Новый «робинзон». Подвиг в горах.
Назавтра я выехал в Иогач, к Телецкому озеру. Провожавший меня Женя Титов просил:
— Напишите, чтобы приехали к нам сильные ребята, а не такие, что хотят себя проверить, сильные они или нет… Когда будет проект готов?
— Скоро.
Ждем… Ну, я попрощаюсь, — Женя протянул мне руку. — С этой дороги никуда не сворачивайте. За перевалом она пойдет вниз, вдоль реки. Тут всего сорок километров.
— Брóдить много?
— Тридцать один раз. Сам считал. Но сейчас там везде курице по колено. Прощайте.

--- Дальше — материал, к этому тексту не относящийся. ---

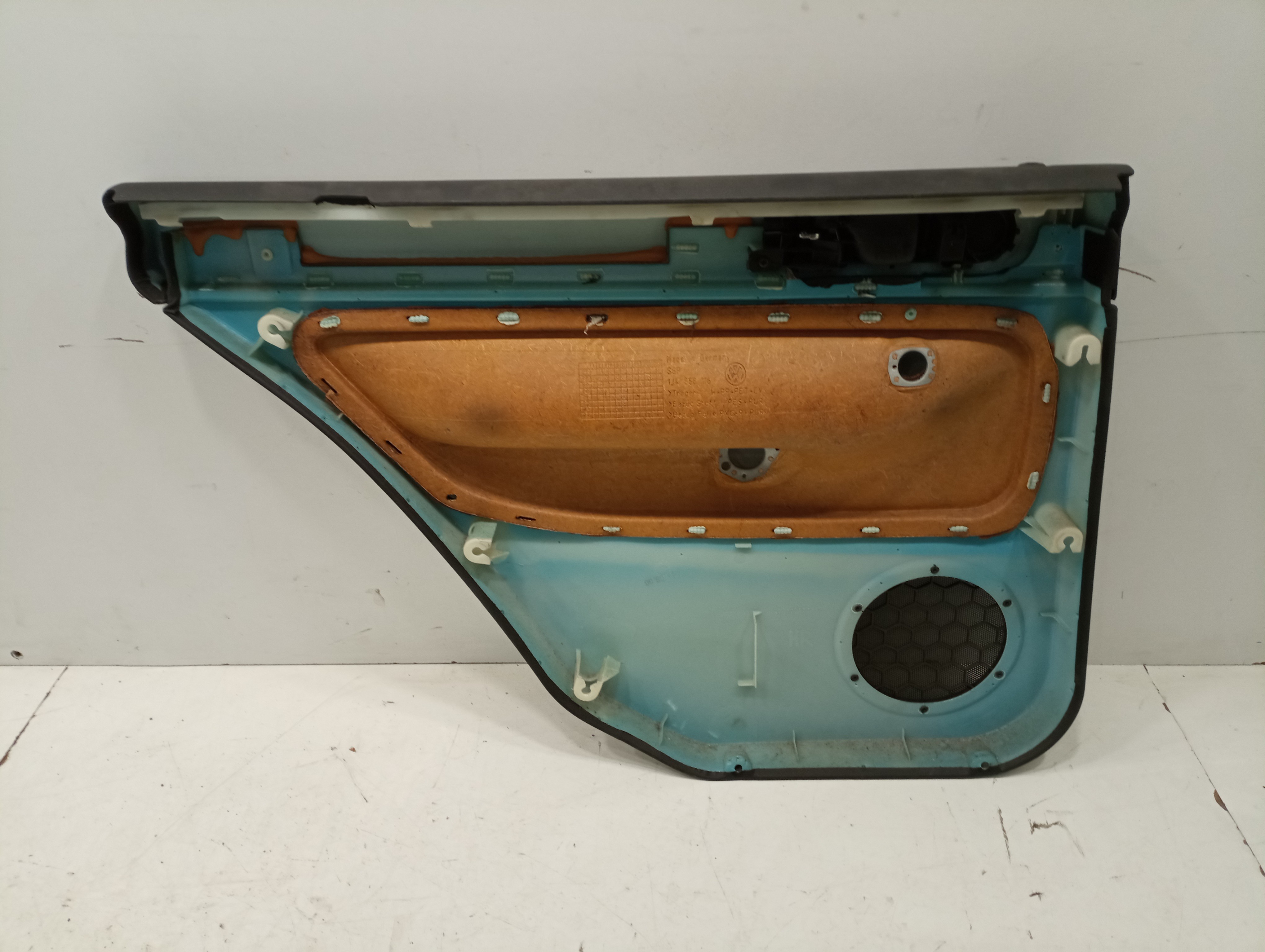 Quartela de porta trás direita VOLKSWAGEN GOLF IV (1J1) | 97 - 07 Imagem-3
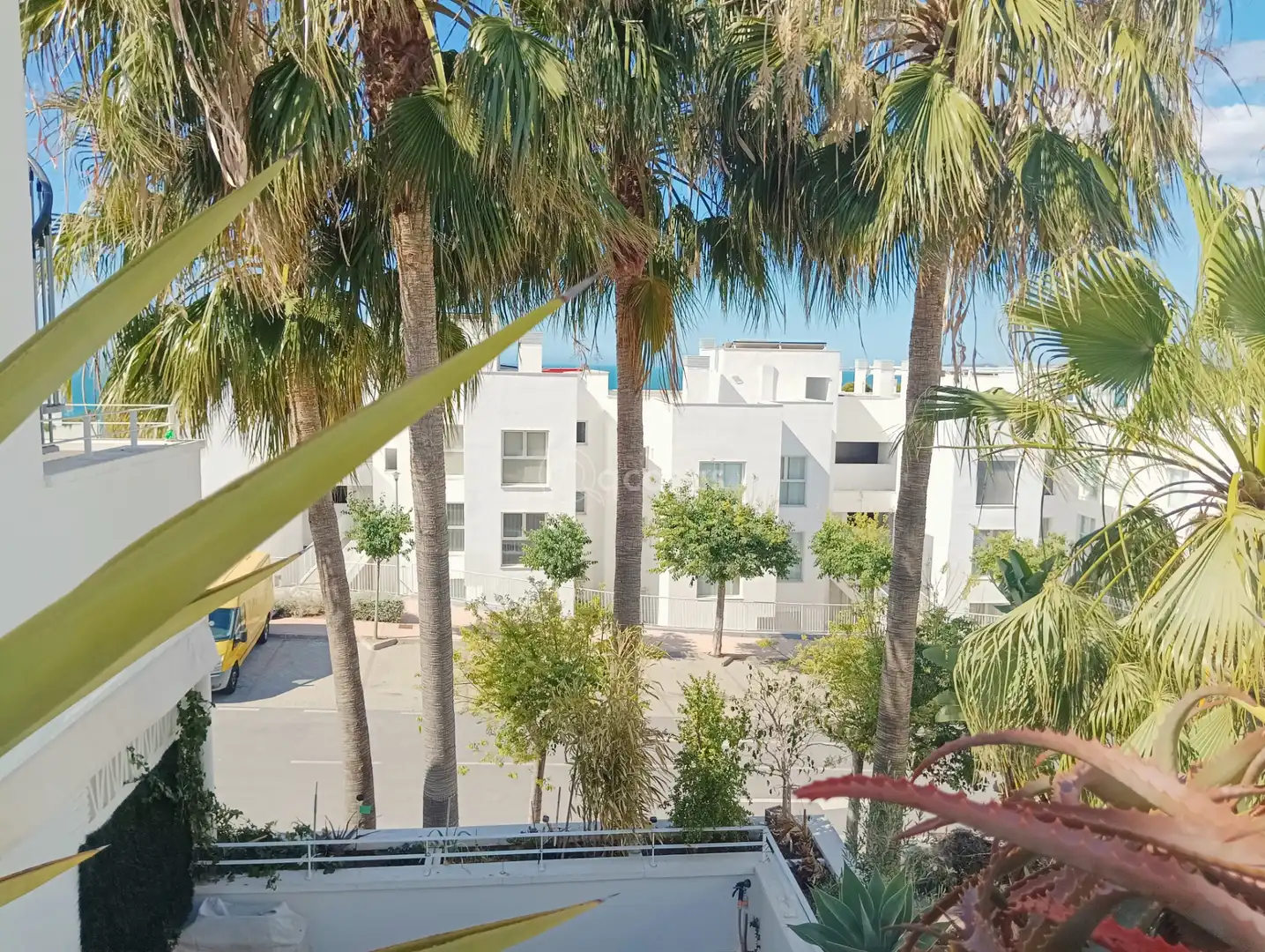 Vista exterior de Ático en venta en Benalmádena con Aire acondicionado, Calefacción y Terraza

Перевал оказался не слишком тяжелым, но перед седловиной начался проливной дождь. Грязная, каменистая тропа, к которой здесь я постепенно привыкал, полого пошла вниз, стала перебегать с одного берега небольшой речушки на другой. По склонам пошли вырубки, такие же страшные, как в Ивановом логу, потоки дождя размывали на них землю до глины, и вода в речонке была желтой. А дождь все сыпал и лил, каким-то образом проник сквозь мой непромокаемый плащ. Хорошо бы сюда легкий водолазный костюм!..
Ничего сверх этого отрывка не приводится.